ユダの黙示録

神代リナ

文字の大きさ
12 / 13
第零章 砕けた氷

第十一話 ありし日の記憶Ⅰ

しおりを挟む
 ……私は、4大財閥の令嬢とか政治家の娘とかそういう裕福な家の生まれではなかった。
 かと言って、スラム街生まれとか傭兵の両親の元生まれたとかそういう貧しい生まれでもない。

 私、蒼山氷華は、平和だった時代にはたくさんあったが今や逆に珍しくなってしまった中間層という家庭に生まれた。
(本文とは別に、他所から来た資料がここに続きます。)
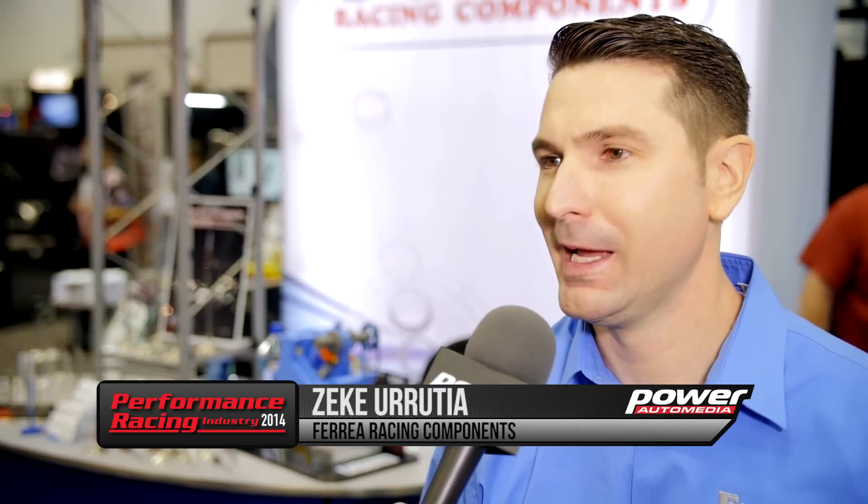At PRI last year we introduced the new 2015 Mustang, and no surprise in the Freya booth this year. I'm here with Zeke, and you guys have some new valve train components for that vehicle. Zeke, what have you got on tap for us? We're starting off with the valve train components, which we have done for the V8 engine.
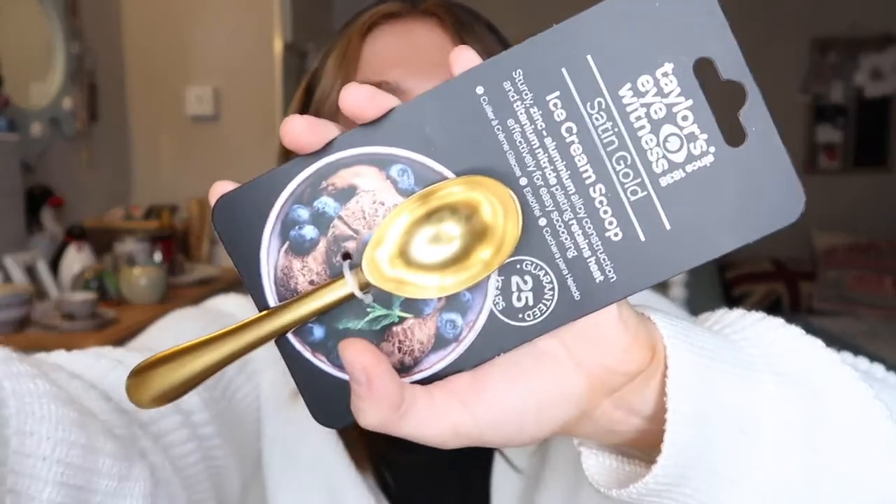Matching that, I also got the Taylor's Eye Witness Saturn Gold ice cream scoop. I've seen this come in multi-colour, silver, and I think even rose gold, but I like the gold and I like that it matched my can opener. I'm not the biggest ice cream fan — the only ice cream I'll buy on its own is Ben & Jerry's cookie dough, mainly because I love the cookie dough in it. But for when Tom stays round and wants ice cream, I have an ice cream scoop that looks pretty and aesthetically pleasing.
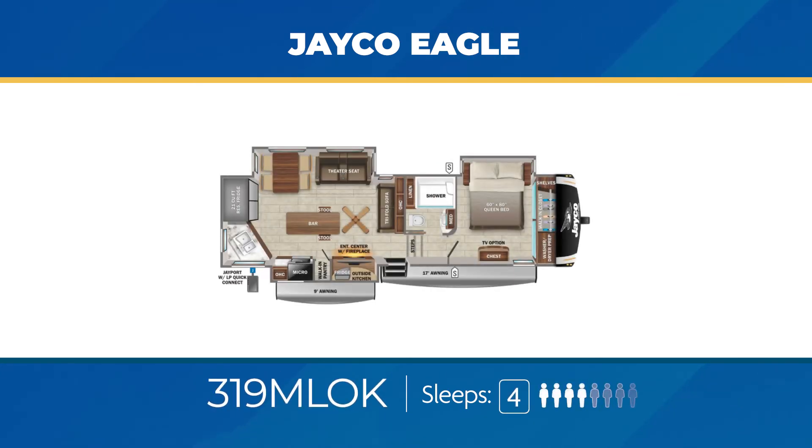The 319 MLOK has the massive fridge against the back wall along with a deep counter. Opposing slide-outs make room for a bar in the middle, complete with stools. You'll also get a tri-fold sofa, and outside, a nifty outdoor kitchen. The 319 MLOK can sleep up to four.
 父親は国防軍の士官で、母親は本州連合国家に仕える魔術師だった。
 2人とも、そこまでして位が高かった訳ではない。

 それでも、普通に暮らす分には十分な暮らしは出来た。
 私たちは、幸せだった。
 そう、そして、その幸せはずっと、ずっと……続いていく。
 そう私は信じていた。

 この残酷な世界は……もちろん私のような勘違いをした人にその過酷さを見せつけてくる。
 はじめは……私が10歳の時。
 そして、私が姉になった日。

 父親の勤めていたD-03地区国防軍司令部に突如原初派側の魔女である第二の魔女が出現。
 そこにいた国防軍の軍人は一瞬で全滅した。
 もちろん、私の父親も例外なく。

 母親は立ち直れなくなって、何もしなくなった。
 だから、私は働き始めた。
 幸い、私にはそこそこ高い魔術師としての適正があったので、仕事はあった。
 この時ほど、この世界が荒廃していることに感謝したことはない。
 幼い自分でも、働けるから。

 妹は、母の親戚の家に預けた。
 誰も世話が出来ないからだ。
 一応、時々妹の様子は見に行った。

 ……まだ、私は世界を恨みきれずにいた。
 残っていたからだ。
 母と妹が。
 一回だけなら耐えられたのだ、そう一回だけなら。





「……先輩」

 誰かが呼んでいる。
 私は、さっきまで何を見ていたのだろうか。
 あれは……誰の記憶だったのだろうか? 
 もう、夢の記憶はあいまいになっていた。

「宵月先輩! 起きてください」

 私は、目を開ける。
 カーテンの隙間から眩しい光が一瞬視界を覆うがすぐに慣れた。

 私の顔を覗き込んでいる、まだあどけなさの残る少女の顔が見える。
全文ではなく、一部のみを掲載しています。